The sulphur spring not being of any actual use to the settlers, they
proceeded towards the thick border of the forest, which began some
hundred paces off.

There, as they had conjectured, the waters of the stream flowed clear
and limpid between high banks of red earth, the color of which betrayed
the presence of oxide of iron. From this color, the name of Red Creek
was immediately given to the watercourse.

It was only a large stream, deep and clear, formed of the mountain
water, which, half river, half torrent, here rippling peacefully over
the sand, there falling against the rocks or dashing down in a cascade,
ran towards the lake, over a distance of a mile and a half, its breadth
varying from thirty to forty feet. Its waters were sweet, and it was
supposed that those of the lake were so also. A fortunate circumstance,
in the event of their finding on its borders a more suitable dwelling
than the Chimneys.

As to the trees, which some hundred feet downwards shaded the banks of
the creek, they belonged, for the most part, to the species which abound
in the temperate zone of America and Tasmania, and no longer to those
coniferae observed in that portion of the island already explored
to some miles from Prospect Heights. At this time of the year, the
commencement of the month of April, which represents the month of
October, in this hemisphere, that is, the beginning of autumn, they
were still in full leaf. They consisted principally of casuarinas and
eucalypti, some of which next year would yield a sweet manna, similar to
the manna of the East. Clumps of Australian cedars rose on the sloping
banks, which were also covered with the high grass called "tussac" in
New Holland; but the cocoanut, so abundant in the archipelagoes of the
Pacific, seemed to be wanting in the island, the latitude, doubtless,
being too low.

"What a pity!" said Herbert, "such a useful tree, and which has such
beautiful nuts!"

As to the birds, they swarmed among the scanty branches of the eucalypti
and casuarinas, which did not hinder the display of their wings.
Black, white, or gray cockatoos, paroquets, with plumage of all colors,
kingfishers of a sparkling green and crowned with red, blue lories,
and various other birds appeared on all sides, as through a prism,
fluttering about and producing a deafening clamor. Suddenly, a strange
concert of discordant voices resounded in the midst of a thicket. The
settlers heard successively the song of birds, the cry of quadrupeds,
and a sort of clacking which they might have believed to have escaped
from the lips of a native. Neb and Herbert rushed towards the bush,
forgetting even the most elementary principles of prudence. Happily,
they found there, neither a formidable wild beast nor a dangerous
native, but merely half a dozen mocking and singing birds, known as
mountain pheasants. A few skillful blows from a stick soon put an end to
their concert, and procured excellent food for the evening's dinner.

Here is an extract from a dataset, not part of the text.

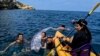 FILE - The Scripps Institution of Oceanography photo shows researchers and science-minded snorkelers working together to recover a dead oarfish from La Jolla Cove, Calif., Aug. 10, 2024. 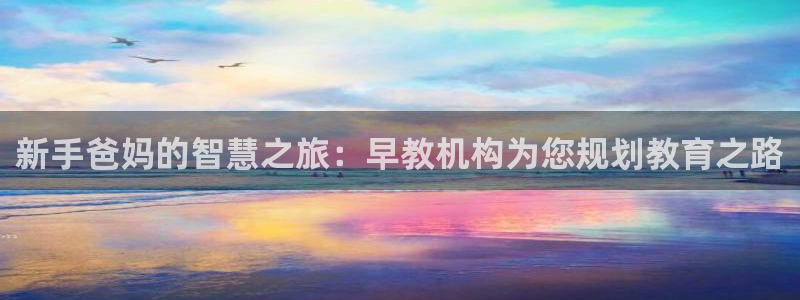 威九国际66m免费版：新手爸妈的智慧之旅：早教机构为您规划教育之路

Herbert also discovered some magnificent pigeons with bronzed wings,
some superbly crested, others draped in green, like their congeners at
Port-Macquarie; but it was impossible to reach them, or the crows and
magpies which flew away in flocks.

A charge of small shot would have made great slaughter among these
birds, but the hunters were still limited to sticks and stones, and
these primitive weapons proved very insufficient.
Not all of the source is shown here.